Incluso en los años en que yo era creyente
–marxista quiero decir, creyente religioso dejé de serlo mucho antes-, me
enfrentaba a la Semana Santa con satisfacción. Tenía asumida la sentencia de Marx
de que la religión es el opio del pueblo, pero quita, quita, si por unos días de fiesta había que vender el alma al diablo, a mí siempre me encontraban dispuesto. Hasta he
llegado a ser espectador de algunas procesiones, aunque si alguien me lo echa
en cara algún día lo negaré con rotundidad.
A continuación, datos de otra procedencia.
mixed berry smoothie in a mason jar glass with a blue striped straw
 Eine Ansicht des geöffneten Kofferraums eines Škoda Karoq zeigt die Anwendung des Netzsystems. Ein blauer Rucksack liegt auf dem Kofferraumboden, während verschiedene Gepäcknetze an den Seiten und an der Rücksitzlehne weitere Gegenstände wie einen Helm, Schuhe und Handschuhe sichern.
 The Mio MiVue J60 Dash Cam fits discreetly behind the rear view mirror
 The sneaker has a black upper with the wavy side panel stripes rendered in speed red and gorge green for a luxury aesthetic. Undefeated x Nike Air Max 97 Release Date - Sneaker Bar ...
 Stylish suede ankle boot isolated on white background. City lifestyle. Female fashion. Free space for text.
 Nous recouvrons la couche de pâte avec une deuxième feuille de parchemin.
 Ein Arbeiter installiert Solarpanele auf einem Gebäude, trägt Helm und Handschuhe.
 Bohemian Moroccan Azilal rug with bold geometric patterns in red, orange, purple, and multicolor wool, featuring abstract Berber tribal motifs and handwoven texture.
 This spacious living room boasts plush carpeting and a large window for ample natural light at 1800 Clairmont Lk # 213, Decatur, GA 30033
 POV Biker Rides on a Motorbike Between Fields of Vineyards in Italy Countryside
Diré en mi descargo que tan farisea actitud es probable que fuese una consecuencia más del alucinógeno que Don Carlos atribuía a la religión.
La Iglesia concita muchísima animadversión
entre los que no somos parroquianos, y no nos falta razón, pero no esperen que
dedique estas líneas a largarle un pelotazo más. Yo la observo con la misma
distancia con que miro a tantas asociaciones e instituciones que pululan por nuestro
entorno, aunque ninguna de ellas alcance la cargante solemnidad que despliega
un simple cura en su misa.
Pero me voy a atrever a decir dos cosas a
favor de la Iglesia. Una, la formidable tarea que realiza la gente de Cáritas.
Dos, la positiva capacidad que ha desarrollado siempre la autoridad papal para
mantener unida a toda la legión de sus fieles. Cosa que se advierte cuando se
pone frente al espejo de las graves consecuencias de la disgregación musulmana, carente de una
institución similar.
Puede ser que usted discrepe de esta reflexión, pero no me achaque a mí su autoría. Porque no es que lo diga yo, es lo que expone
Amin Maalouf en “El desajuste del mundo”, una obra francamente interesante que
me obsequió Carlos Ruiz y que es una aproximación a las diferencias actuales
entre el mundo árabe y el occidental.